If this is the case then the white wire on the right should have 120 Volts and should have had black tape wrapped around it to indicate that it's hot not neutral.  How about a pic of the connection points to the heater and the thermostat?
I just want to be sure what your looking at before telling you how to hook it up.


----------



## paul52446m (Oct 15, 2010)

MattC said:


> Hello,
> 
> I've recently replaced the thermostat to a bathroom electric baseboard unit. When taking the old thermostat out, I 'thought' I had installed the wires the same way but blew the main breaker.. opps!
> 
> ...


 single  Black from box to L1 of stat.  single white in box to T1 on stat. cap off the two reds separately. If its wired the way i think it is at the baseboard unit, then this will work. Later Paul


----------



## kok328 (Oct 15, 2010)

Actually, I was thinking black wire to L1 of the stat, white wire to L2 of the stat and T1 & T2 to the baseboard heater.  However, I want to make sure what he has before we do anything.


----------



## paul52446m (Oct 15, 2010)

I would say by looking at his box that they run 220 to the box black and white, and the run that 220 to the baseboard which would be the other black and white that are tied together and then they wired a cable black and white back to the box to break one line through the stat. alot of guys do it this way. There would not be any neutral wires there.   paul


----------



## MattC (Oct 16, 2010)

Hey guys thanks for all the help.

Just for more clarification. There are three heater units all with their own thermostat wired to one breaker. 

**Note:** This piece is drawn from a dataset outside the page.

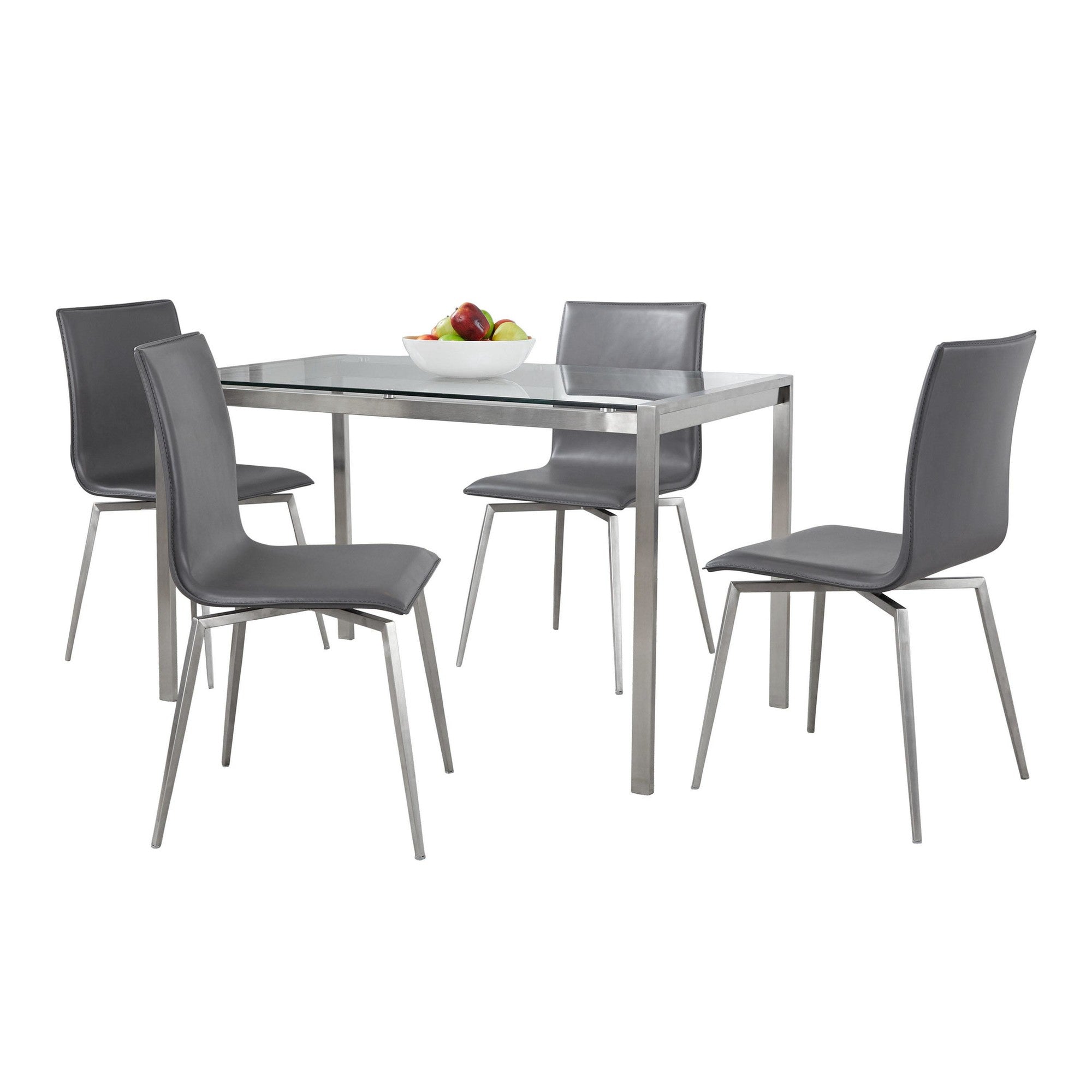 Fuji-mason Upholstered Swivel Dining Set - 5 Piece - Brushed Stainless Steel, Clear Glass, Grey PU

In the picture the white and black on the right are dead and go to the heater.
The wires on the left: two go to the next heater on the floor and are dead. And the other two most likely come from the first heater and are hot. 
(breaker is off)

Here is the back of the thermostat.


----------



## paul52446m (Oct 16, 2010)

If you have hot wires in that box when the breaker is off, i would say you 
 better call in a pro to check this out. If i was there to check it then i could tell you what is wrong and fix it. later paul


----------



## MattC (Oct 16, 2010)

lol no wires are live with the break off.


----------



## MattC (Oct 17, 2010)

Ok problem solved.
Solution:
L1 black 120v
L2 white 120v
T1 black heater
T2 white heater

Tested, didn't blow the main again and works.

Thanks for the help.


----------



## steve1965 (Oct 31, 2010)

Not sure on your wiring issue, but you definitely have a breaker issue.  If the breaker for the feed didnt trip and the main did then the feeder breaker is either incorrectly sized or is not working, or possibly the main is weak.  Just something else to worry about.


----------



## MattC (Nov 2, 2010)

thanks for the input. I'll have that looked at.


----------